Loss Aversion. We have all heard the definition of a gambler as someone who loves winning more than they hate losing. But paradoxically, most people, including gamblers, will irrationally take more risk to avoid a loss than they will take in pursuit of an equivalent gain. This is the Nobel Prize-winning “prospect theory” of Daniel Kahneman and Amos Tversky. The effect is so strong that it’s measurable even when an identical fact situation is simply framed in loss terms versus in terms of a potential gain. In the corruption context this bias comes up in at least two ways. For the mild form, imagine a large procurement in which six months or a year of intense effort has been invested in making a sale—countless meetings, complex proposals revised over and over, best-and-final offers, maybe even engineering and product-development work—all to go for naught, or be “lost,” if the sale doesn’t go through. Sunk-cost fallacy aside, in this situation the failure to win the contract will be framed as a loss (“That’s six months of my life I’ll never get back!”) and will tempt one to risk bribery to avoid it.

Corrupt governmental officials can be very skillful at manipulating vendors and their sales people, especially by invoking loss aversion in a more concentrated form.

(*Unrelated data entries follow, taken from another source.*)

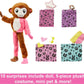 Barbie Dolls and Accessories, Cutie Reveal Doll with Monkey Plush Costume & 10 Surprises Including Color Change, Jungle Series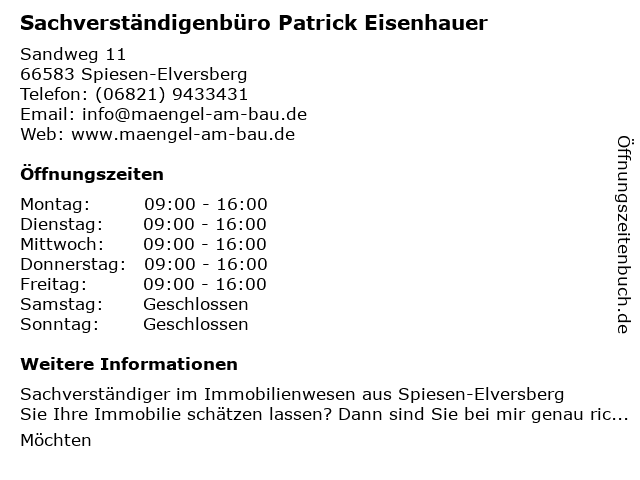 Sachverständigenbüro Patrick Eisenhauer in Spiesen-Elversberg: Adresse und Öffnungszeiten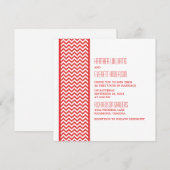Rode Chevron Border Wedding Invite Kaart (Voorkant / Achterkant)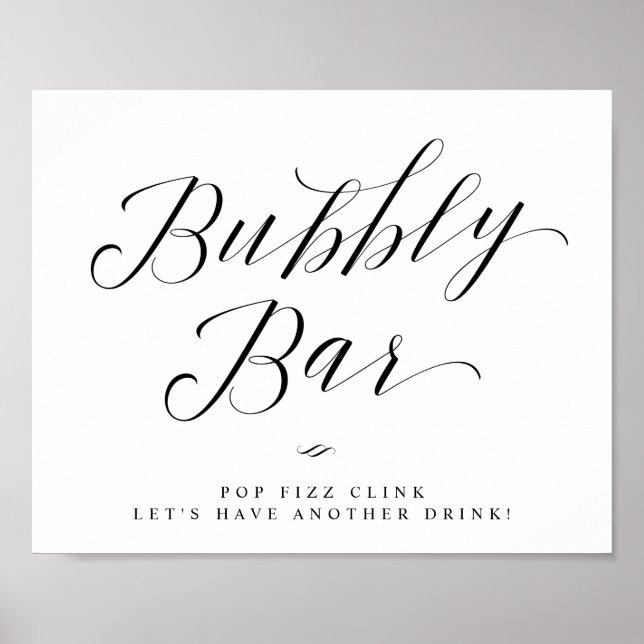 Bubbly Bar Chic Bridal Shower or Wedding Sign (Front)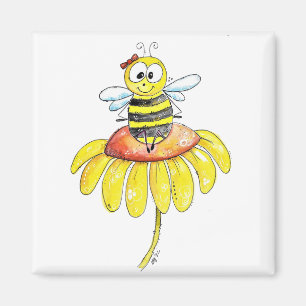 Imán Abeja caprichosa sobre una flor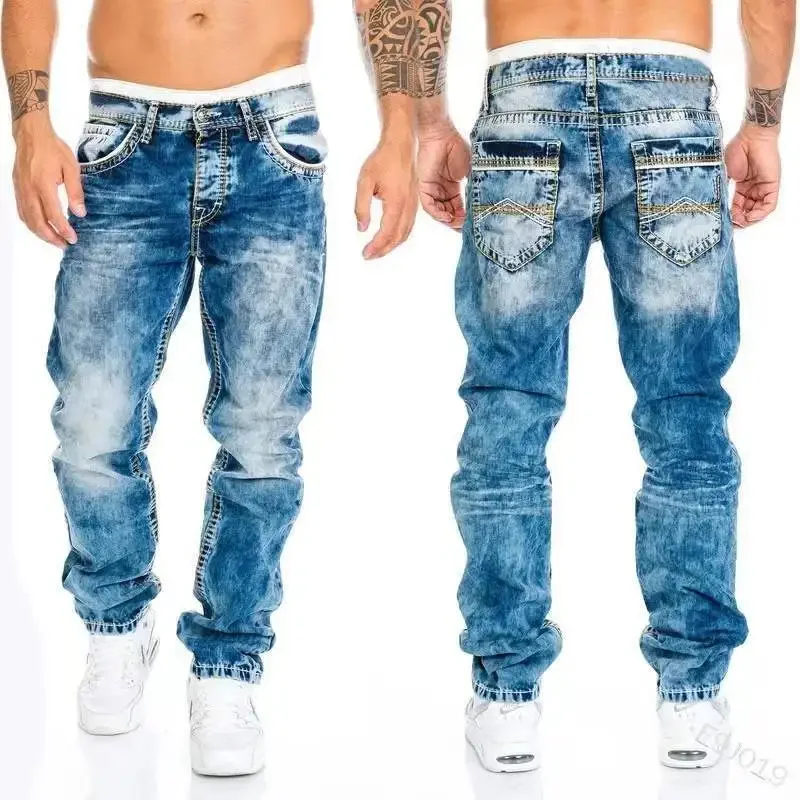 Distressed Straight Pants Men Jeans Denim Pockets Punk Style Ankle Length Mid Waist Wash Slim Fit Zipper Fly Skinny Vintage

As Bistrong points out, it is not uncommon for corrupt officials to set the hook with a contract award, or finalist status, so the seller has something very concrete to lose, before setting the bribery machinery in motion. At that point, when the salesperson has raised expectations at headquarters and is already counting on the resulting bonus, there arise inexplicable delays, a potential re-consideration of the award, or “political problems,” that can be solved with a little grease, or a lot. Under these conditions the salesperson’s focus on the risk of losing the deal can easily eclipse the risk of breaking the law.

This is by no means an exhaustive catalogue of the cognitive biases that make us “irrational calculators” of risk and reward, of sure immediate benefits versus debatable future costs. Motivated blindness can keep us from recognizing red flags if we would have something to lose by noticing them; time pressure can narrow our decision frames disastrously; and when we are tired or sleep-deprived, or maybe jet-lagged, “ego depletion” can prompt us to “just get it over with” via the simple, quick solution rather than the right one.

The situational pressures and temptations Bistrong describes are bad enough, but when we factor in the effects of our psychological quirks and mental bugs, it’s easy to see why the problem of embedded corruption is so intractable.

None of this, of course, is an excuse for unethical or illegal conduct. Individuals who bribe are responsible for their actions, whether the result of cynical premeditation or buggy brainware and self-deception. But ethics and compliance professionals cannot hope to be effective in eradicating corruption if we lack a clear understanding, not only of the pressures and temptations involved, but also of what actually happens inside the head of the salesperson at the crossroads when the fateful bargain is offered and a decision must be made on the spot.

Scott Killingsworth is a compliance lawyer with Bryan Cave LLP in Atlanta.

3 COMMENTS

  1. Thanks for this very good article! But one comment, we have the “facilitation payment”-exception inside the FCPA. But according to the UKBA and most local laws, a facilitation payment is a normal bribe. For this such a payment maybe okay for the FCPA, but the employee is violating the ruling local law, with all legal consequences. As we know about the cost of corruption, a facilitation payment in most of the cases means automatically a violation of the company’s code of conduct and its core values. According to this, most companies forbid facilitation payments in the Compliance programs.